As a final project in my undergraduate studies, I researched a new method to assemble DNA. The data was a collection of ‘reads’ - strings of 100 characters, each symbolising 1 of 4 nucleic acids.
The reads are randomly sampled from the DNA, making it impossible to know which ones came from the same area in the genome.
The common approach is to reduce this problem to the Hamiltonian path problem - each read is a node in a directed graph, while the edges represented the overlapping areas between them. A Hamiltonian path represents the assembled DNA string. Since this problem is np-complete, different heuristics are applied to find the path.

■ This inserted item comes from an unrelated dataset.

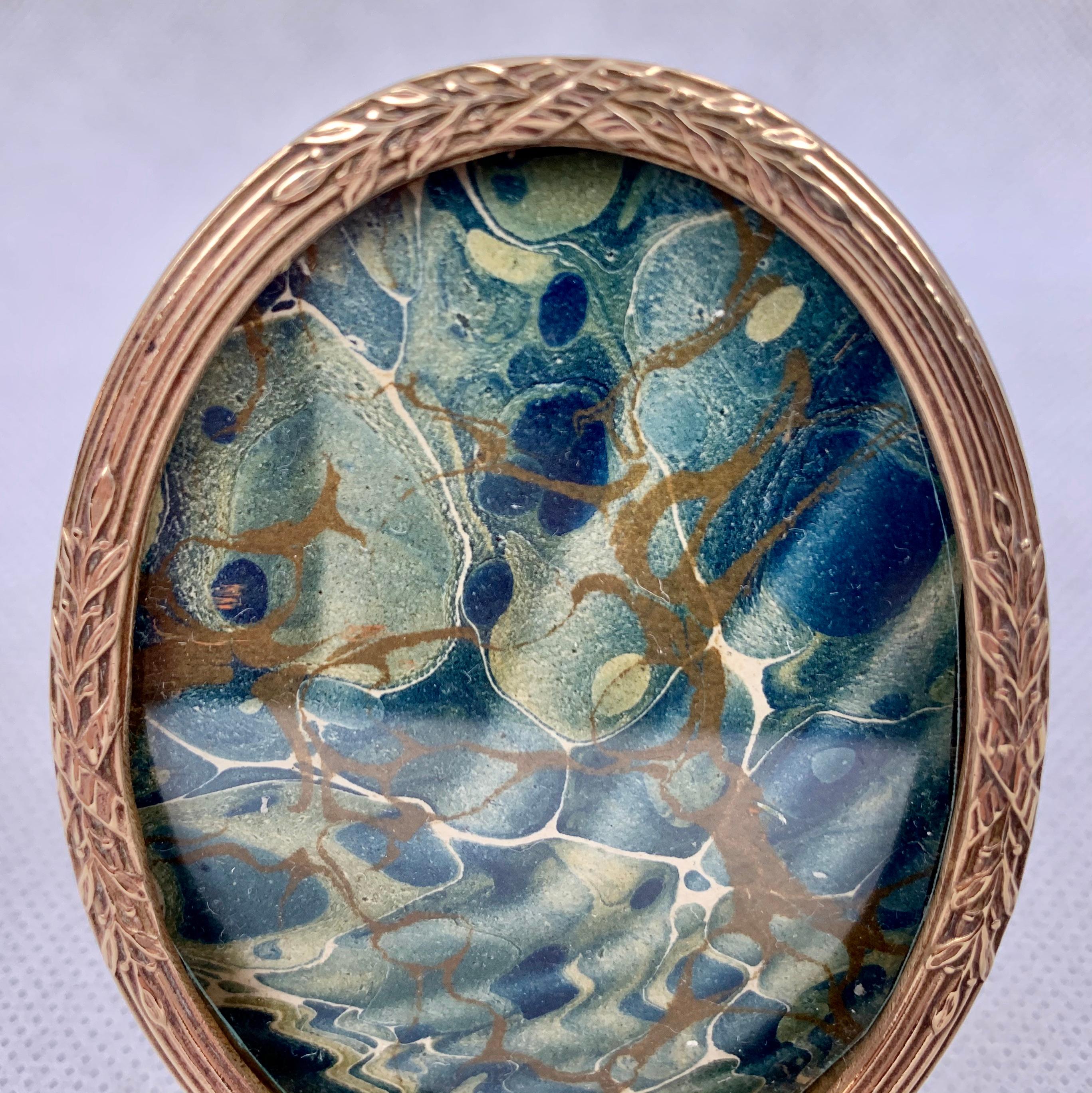 19th Century Small French Oval Louis XVI Gilt Frame with Crossed Ribbons Over Reeds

Together with Idan Goldman, I tested a method called Bin Assembly, where the chemical process of sampling the reads also ‘colors’, and allows splitting them into several areas of DNA. We treated the different bins as separate strings, and assembled inner bin contigs. Later we created a directed graph of contigs, and used the Bron Kerbosch Algorithm to find cliques in the graph, concluding that cliques suggest the bins came from a similar locus in the target genome.

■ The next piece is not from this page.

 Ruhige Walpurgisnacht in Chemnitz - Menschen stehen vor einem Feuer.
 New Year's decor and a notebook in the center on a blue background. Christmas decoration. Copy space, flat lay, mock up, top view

The data were taken from the first 500,000 base pairs of the E-coli organism’s genome.
Coverage was 100.
Total number of base pairs in the output: 499,592
Max length of contig assembled: 378,179
N50 length: 378,179
Numbers of assembled contigs: 2
The problem of assembling DNA can be reduced to the Hamiltonian path problem in graph theory.
The project required working with Researchers in Geneva.
The results showed excellent performance with assembling the genome of the E-coli organism.